Posted to solr-dev@lucene.apache.org by Kerwin Noronha <ke...@gmail.com> on 2009/11/13 05:42:31 UTC
Indexing multiple documents in Solr/SolrCell
Hi,
I am new to this forum and would like to know if something like the function
described below has been developed or exists in Solr. If it does not exist,
is it a good Idea and can I contribute.
We need to index multiple documents with different formats. So we use Solr
with Tika (Solr Cell).
Question:
Can you index both metadata and content for multiple documents iteratively
in Solr?
For example I have an XML with metadata and a links to the documents
content.

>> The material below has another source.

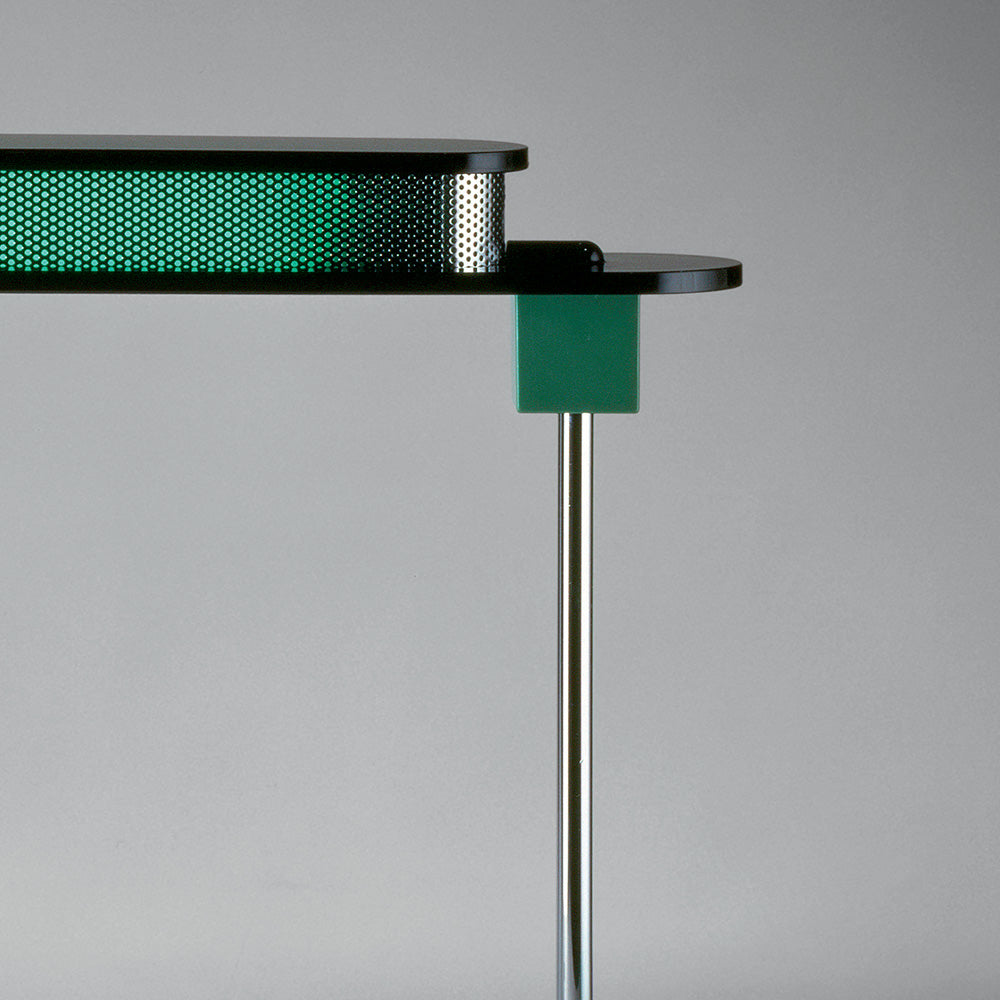 Artemide Pausania LED 14W Tunable White with Green Diffuser Table Lamp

There are many documents in this XML and I would like to index them
all without firing multiple URLs.
Example of XML
<add>
<doc>
<field name=id>34122</field>
<field name=author>Michael</field>
<field name=size>3MB</field>
<field name=URL>URL of the document</field>
</doc>
</add>
<doc2>.....</doc2>...</docN>
I need to index all these documents by sending a single URL with this XML
file.The collection of documents to be indexed could be on a file system.
I have altered the Solr code to be able to do this but is there an already
existing feature?
Re: Indexing multiple documents in Solr/SolrCell
Posted by Chris Hostetter <ho...@fucit.org>.
: Question:
: Can you index both metadata and content for multiple documents iteratively
: in Solr?
As i understand it, there is some ongoing work with the DataImportHandler
so support this type of thing -- having entities from one DataSource
refrnece other entities that are then processed using Tika.
you may want to check the open issues regarding DataImportHandler, and/or
search the recent mail archives for tika + DataImportHandler.
-Hoss